I was a development chemist with a large paint manufacturer in the 1960’s. A rival company had put a water thinned gloss on the market called Lightning. It exhibited all the problems that I see in this thread. It also had another major problem that it rapidly yellowed. This was caused by the main copolymer emulsion which contained polyvinyl chloride. The manufacturer of this ingredient claimed that the yellowing was due to iron in the water and that non-yellowing batches would be produced.. This did not happen
I produced a water thinned gloss with a gloss on a par with solvent based paint. But it suffered the usual fast drying problems and in can stability. I left the industry shortly after this to become a photographer. There does not seem to have been much progress over the last fifty years.
I experimented in my home some years ago and coated the woodwork in a bedroom with acrylic undercoat/primer, two coats, and put a top coat of acrylic floor varnish gloss finish on and it looked and felt stunning. Twelve years later it is still very white and the floor varnish finish has resisted wear and tear. This method was both quick, due to acrylics' short drying time, and easy to apply.
I would have loved to have continued my research and development work into producing a marketable water thinned gloss. At that time it was the Holy Grail in the paint industry. Interest in polymers containing halogens did not take off except for fire retardant paints. The main interest was switching to styrene acrylics. Use of inverse emulsions was also being tried.

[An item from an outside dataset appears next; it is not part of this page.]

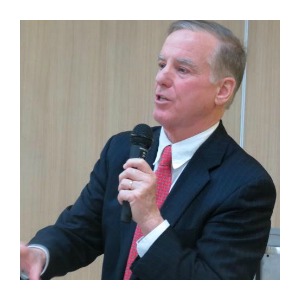 Photo of Howard Dean Addressing Political Party Leaders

One of the main problems is the different mechanisms that occur on drying.With solvent thinned paints once the solvent has evaporated the resin slowly reacts with oxygen in the air to form a tough glossy waterproof surface. With water thinned when the water evaporates the emulsion particles coalesce together with the pigment particles. No immediate oxidation occurs. Various additives are employed to give as high a gloss as possible.